COLLECTED DATA Block Start

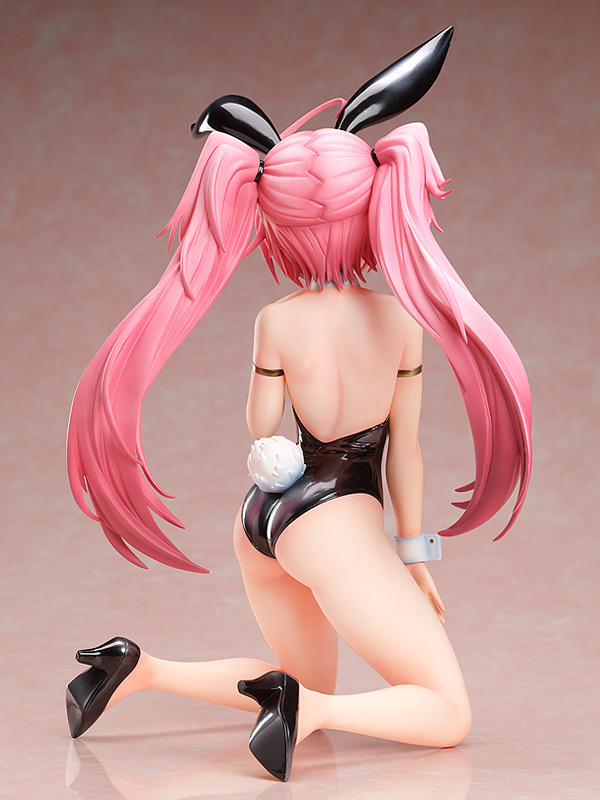 Фигурка Millim: Bare Leg Bunny Ver.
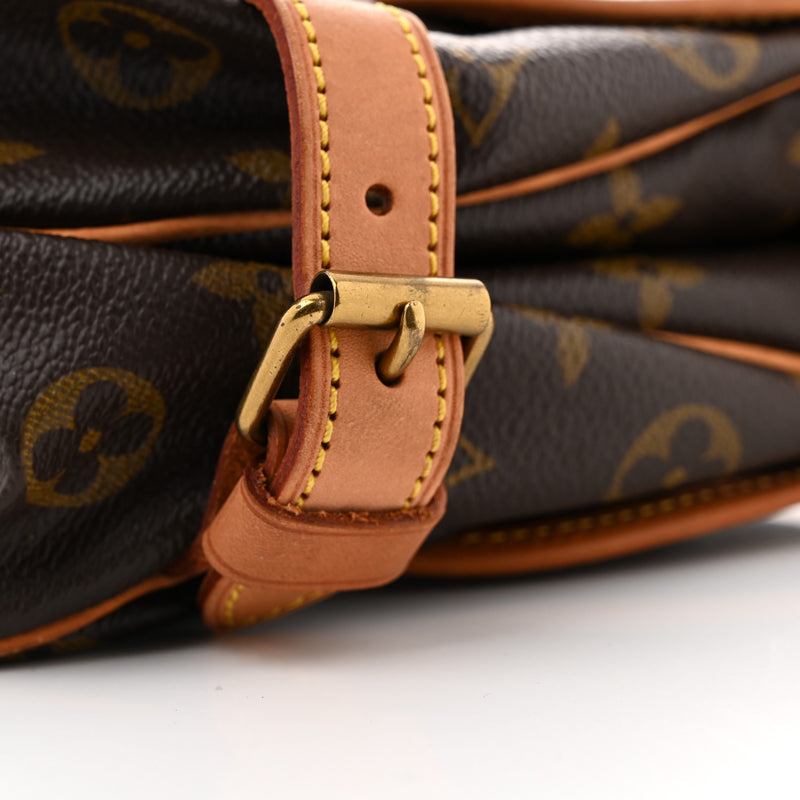 Louis Vuitton Saumur 30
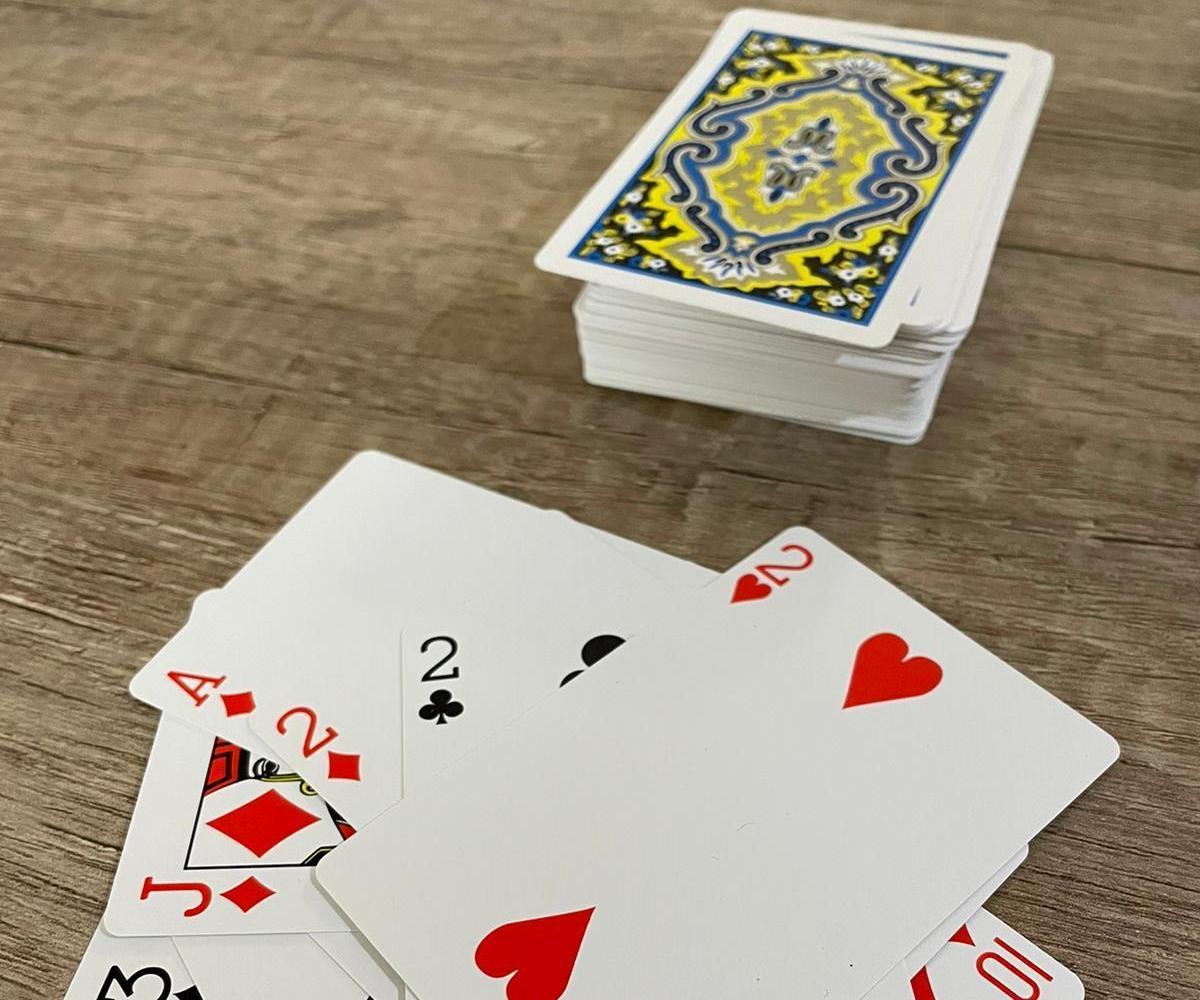 Seven - Card Game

COLLECTED DATA Block End

TASK INSTRUCTIONS: All text in the material above must be written out exactly; the images are to be skipped.

SOLUTION TO THE EXERCISE:
 Фигурка Millim: Bare Leg Bunny Ver.
 Louis Vuitton Saumur 30
 Seven - Card Game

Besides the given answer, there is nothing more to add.